Background of the Institute
Tradition of the Aeronautical Institute ‘Moma Stanojlovic’ started in 1916, when historical events led the Serbian military to the Greek Island of Corfu. Due to the Alliance requirements, in place where the French Aeroplan Park was located in Thessaloniki, Aeroplan squadron was formed with Aeroplan depo, within which there was also an Aeroplan workshop. Soon after, on 18 June the same year, personnel from the Aeroplan workshop came back from Thessaloniki to Micra, so independent work in repair and overhaul of aircraft technical material started there. From that period on, there was a marked beginning of Institute’s history, as well as the first pioneer steps of the workshop development.
The day of the Institute is officially celebrated on 1 July. On that day in 1916, upon the order of the Supreme Command Staff, Aeroplan workshop was formed on Micra airport near Thessaloniki.
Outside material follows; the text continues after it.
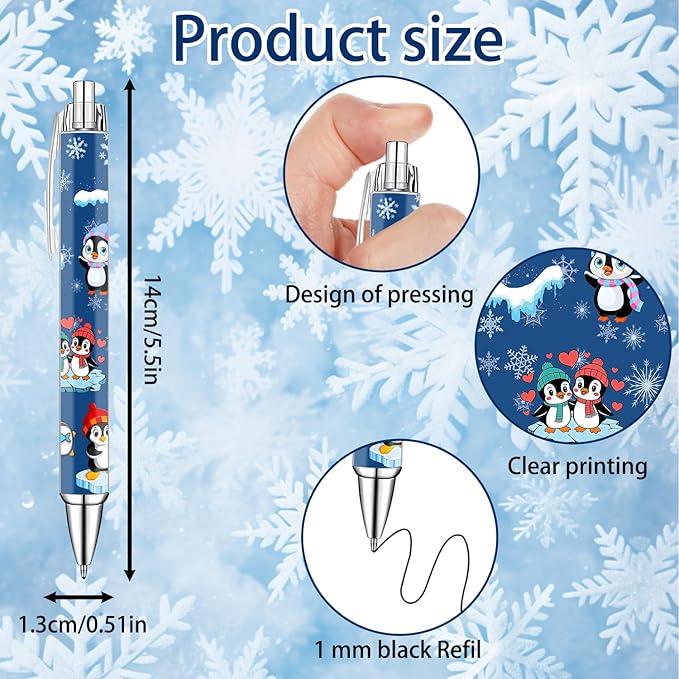 Idealmuzik Penguin Pens Set – Cute Penguin-Themed Gel Pens for Kids, Teachers, and Office Gift Exchange – Funny Penguin Designs – Perfect Stationery Gifts, Party Favors, and Stocking Stuffers, 8 Pack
Development and moving of the workshop to its country was accompanied by turbulent changes. Due to the difficult historical circumstances, for the sake of survival and preserving what was already a successful tradition, Aeroplan workshop often changed names and locations, but not the good image that it had with the French allies, who themselves trusted their airplanes to our experts.
Despite the great desire to maintain the continuity in the development of the military industry, the Second World War closed the runway of Zemun Airport, but already in 1949, the tradition of our military industry advanced and Aeroplan workshop became the leader in the overhaul of aircrafts and aircraft equipment, recognizable by the name of Aircraft-Technical Overhaul Institute ‘Jastreb’.
Association (1973) with the sister Overhaul Institute ‘Moma Stanojlovic’ from Knezevac, which was the synonym of the overhaul of aircraft engines, created the Aircraft Technical Overhaul Institute ‘Belgrade’, with main seat in Batajnica, where, in 1976, this industrial giant found its final residence as the Aeronautical Institute ‘Moma Stanojlovic’.
Centuries-long tradition of the Institute was supported by the argument that around 1200 aircrafts (44 types) and over 10 thousand aircraft engines (26 types) went through its overhaul drive, as well as with the fact that military and civilian aviation then used around 9000 aircrafts of approximately 750 different types, out of which 247 types were of domestic construction or making.
Apart from the Institute, Serbian military aircraft industry was composed of factories for planes, hydroplanes and gliders: ‘Ikarus’, ‘Rogozarski’, ‘Zmaj’, ‘Kraljevo, ‘Utva’, ‘Albatros’, and later on, ‘Vrsac’.